Env(3perl) Perl Programmers Reference Guide Env(3perl)

Env - perl module that imports environment variables as scalars or arrays

use Env;
use Env qw(PATH HOME TERM);
use Env qw($SHELL @LD_LIBRARY_PATH);

Perl maintains environment variables in a special hash named %ENV. For when this access method is inconvenient, the Perl module "Env" allows environment variables to be treated as scalar or array variables.

The Env::import() function ties environment variables with suitable names to global Perl variables with the same names. By default it ties all existing environment variables ("keys %ENV") to scalars. If the "import" function receives arguments, it takes them to be a list of variables to tie; it's okay if they don't yet exist. The scalar type prefix '$' is inferred for any element of this list not prefixed by '$' or '@'. Arrays are implemented in terms of "split" and "join", using $Config::Config{path_sep} as the delimiter.

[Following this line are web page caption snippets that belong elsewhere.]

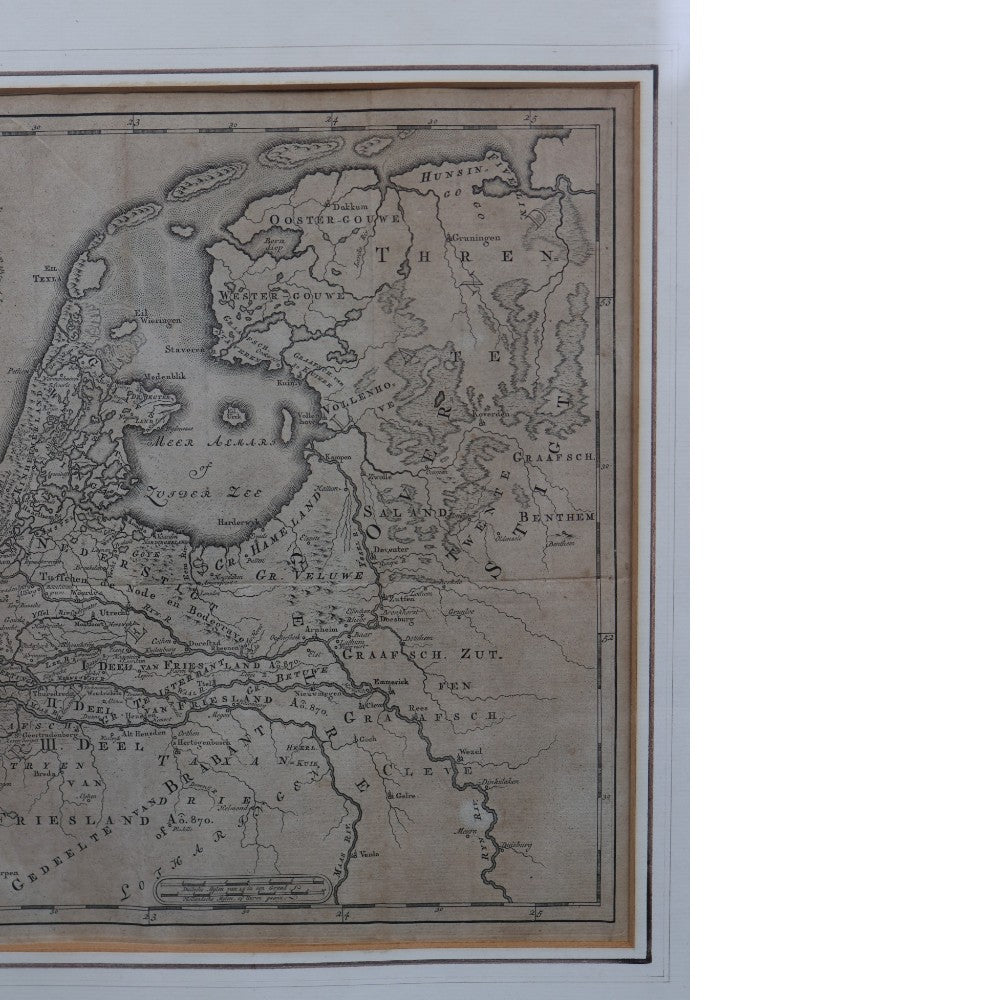 Oude Kaart der nu Vereenigde Nederlanden - Isaak Tirion 1749 (Ingelijst)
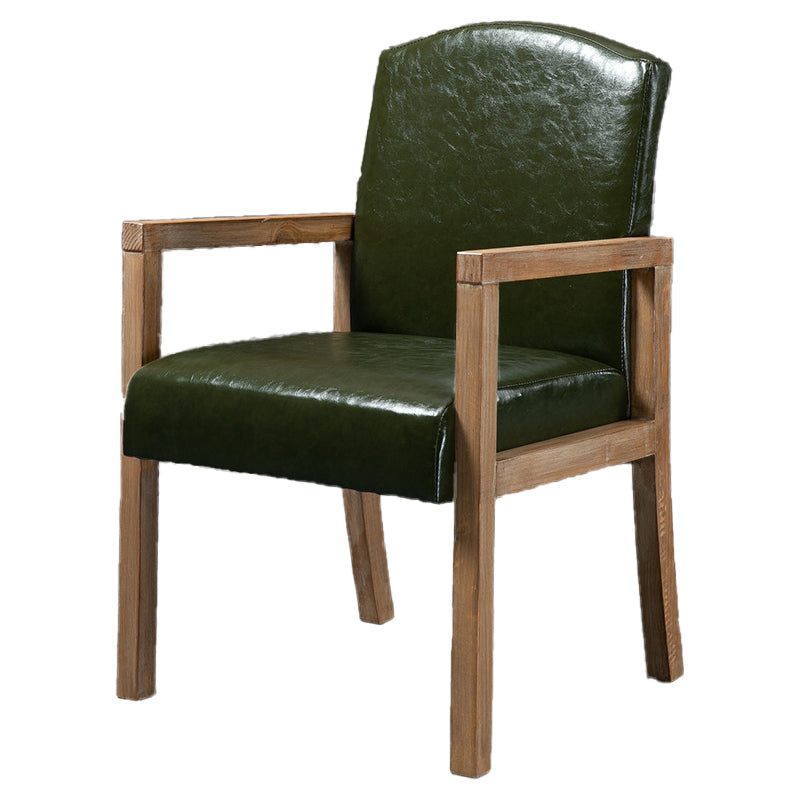 Contemporary Dining and Accent Chairs Matte Finish Parsons Arm Chair Dark Green 1 Piece Clearhalo ' kitchen&dining_furn' 'Dining Chairs' 'Dining Tables & Seating' 'dining_chair' 'furn' 'furn_dining_chair' 'Furniture' 'furniture_dining_chair' 'Kitchen & Dining Furniture' 'kitchen' 4502527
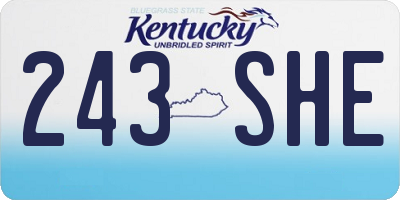 KY license plate 243SHE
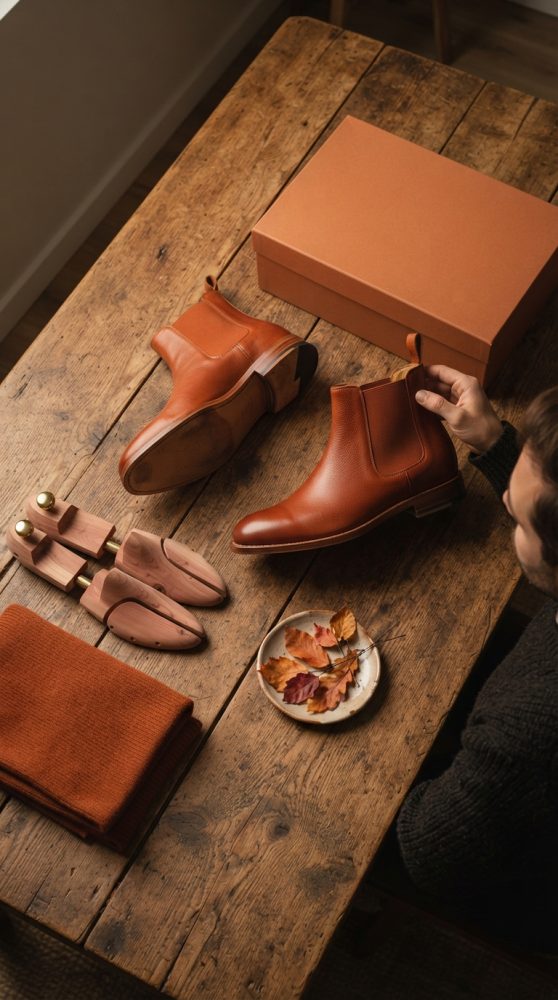 Botas Chelsea castanhas em pele com sola clara sobre mesa de madeira, caixa, espaçadores e folhas secas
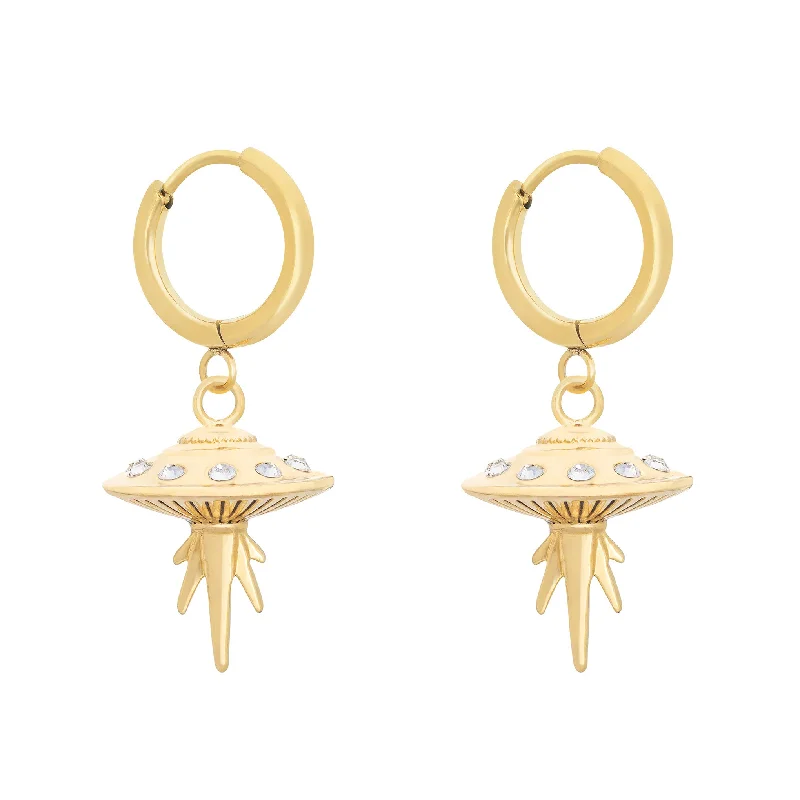 Hoop earrings with textured gold for a refined and sophisticated aesthetic-Starship Earrings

After an environment variable is tied, merely use it like a normal variable. You may access its value

@path = split(/:/, $PATH);
print join("\n", @LD_LIBRARY_PATH), "\n";

or modify it

$PATH .= ":/any/path";
push @LD_LIBRARY_PATH, $dir;

however you'd like. Bear in mind, however, that each access to a tied array variable requires splitting the environment variable's string anew.

The code:

use Env qw(@PATH);
push @PATH, '/any/path';

is almost equivalent to:

use Env qw(PATH);
$PATH .= ":/any/path";

except that if $ENV{PATH} started out empty, the second approach leaves it with the (odd) value "":/any/path"", but the first approach leaves it with ""/any/path"".

To remove a tied environment variable from the environment, assign it the undefined value

undef $PATH;
undef @LD_LIBRARY_PATH;

On VMS systems, arrays tied to environment variables are read-only. Attempting to change anything will cause a warning.